All lines below starting at the one that holds "Shaded Relief 3D Map of Kangjang-ni" and ending at the one that holds "Women's evening dress" should be printed exactly, ends included. Pictures should not be printed, nor anything else.

◆ **Records for this task**
════════════════
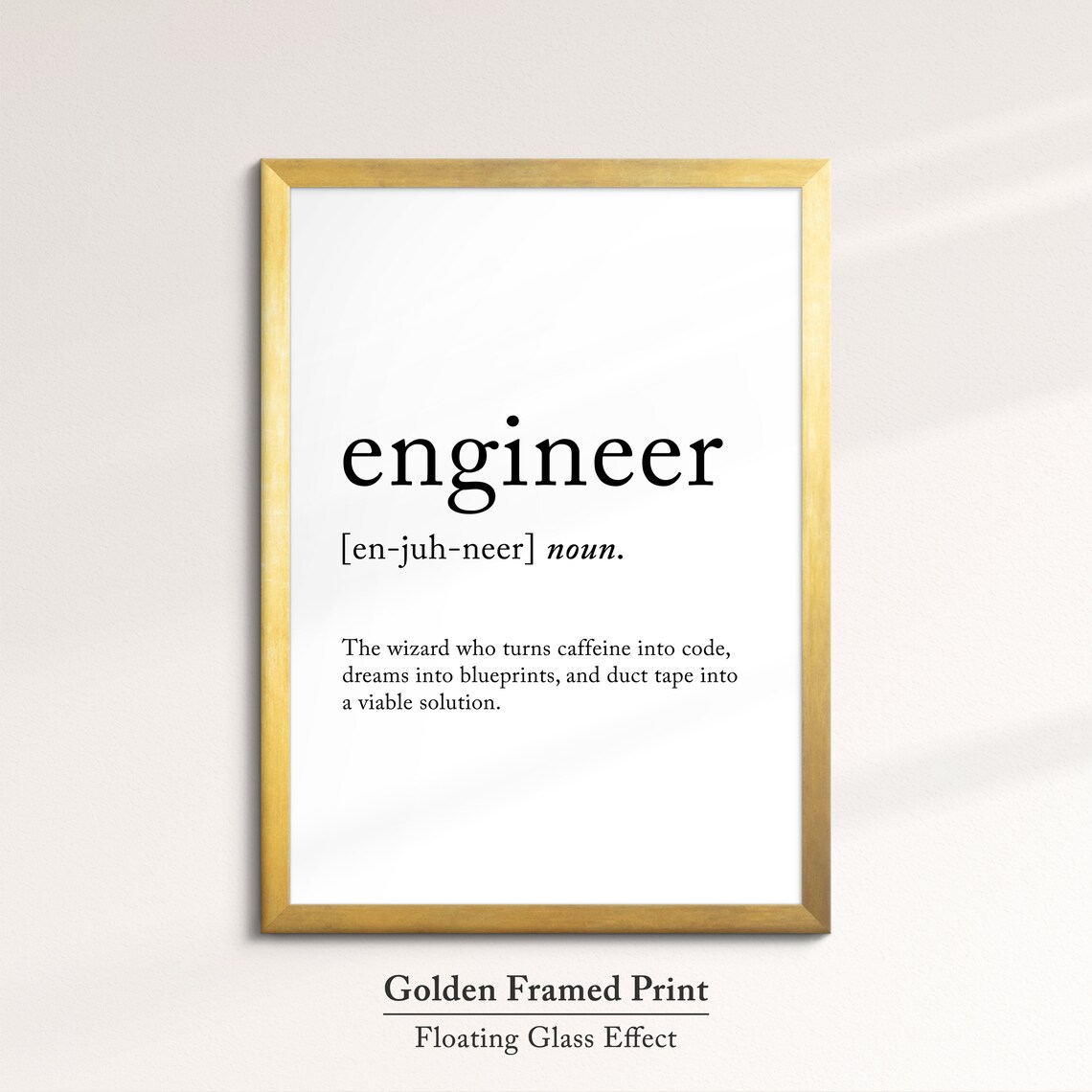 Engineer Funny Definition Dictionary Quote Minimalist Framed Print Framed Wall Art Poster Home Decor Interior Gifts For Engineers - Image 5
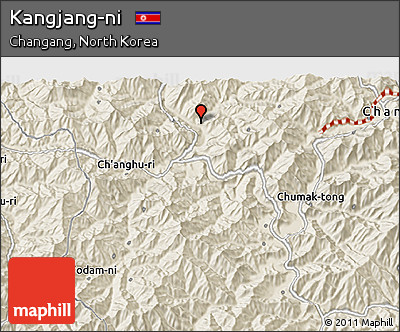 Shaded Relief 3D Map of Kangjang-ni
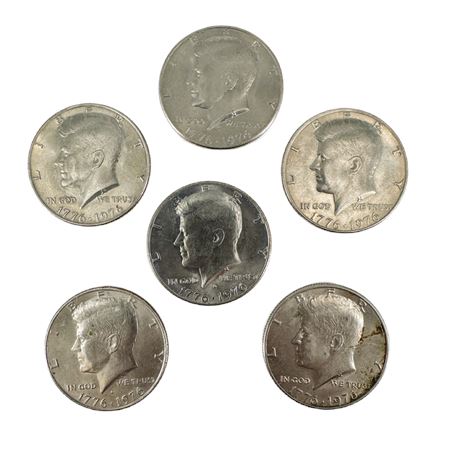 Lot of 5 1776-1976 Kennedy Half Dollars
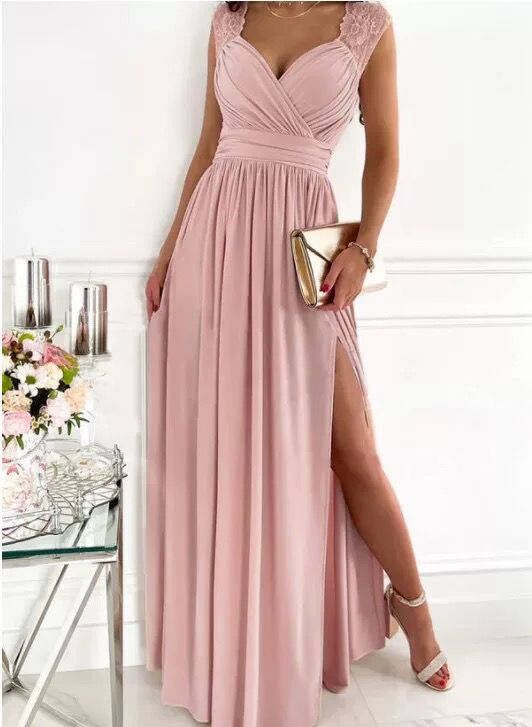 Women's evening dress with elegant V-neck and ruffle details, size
════════════════
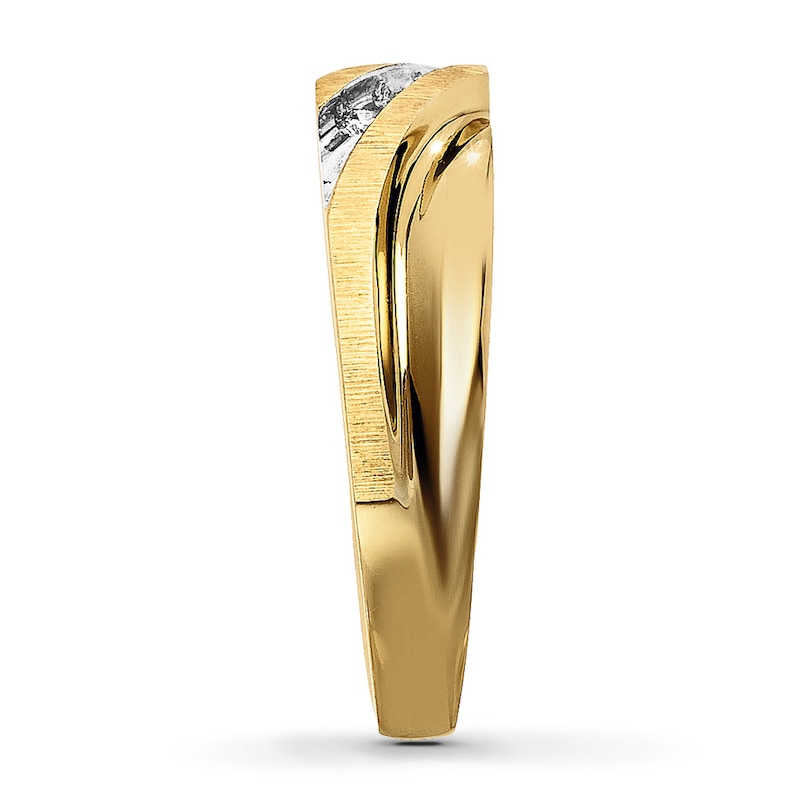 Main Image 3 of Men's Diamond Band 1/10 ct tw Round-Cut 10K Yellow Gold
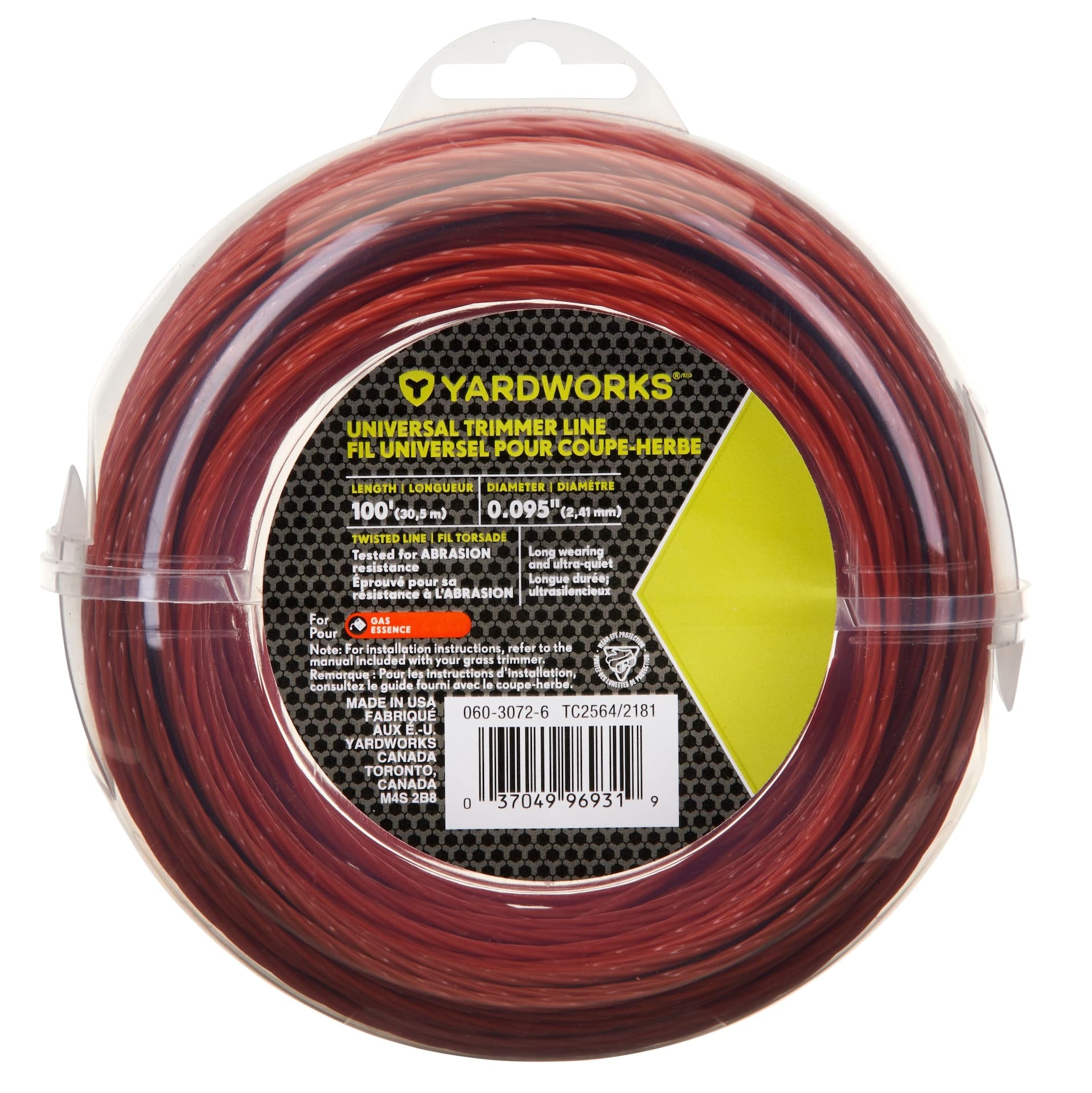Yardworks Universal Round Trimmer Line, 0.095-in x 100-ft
════════════════
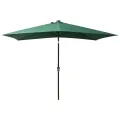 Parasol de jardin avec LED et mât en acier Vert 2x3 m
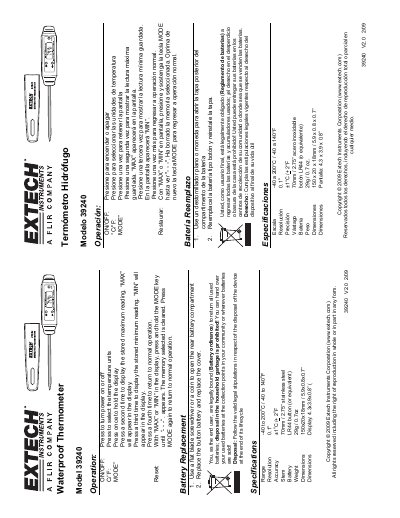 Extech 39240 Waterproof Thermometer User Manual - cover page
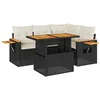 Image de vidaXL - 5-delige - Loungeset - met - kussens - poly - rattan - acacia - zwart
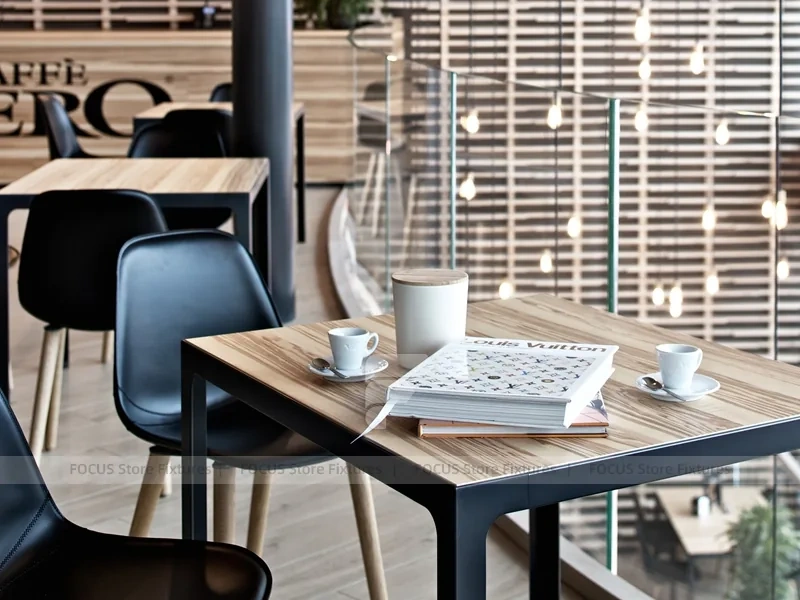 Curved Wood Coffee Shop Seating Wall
════════════════
◆ **Final answer**
 Shaded Relief 3D Map of Kangjang-ni
 Lot of 5 1776-1976 Kennedy Half Dollars
 Women's evening dress with elegant V-neck and ruffle details, size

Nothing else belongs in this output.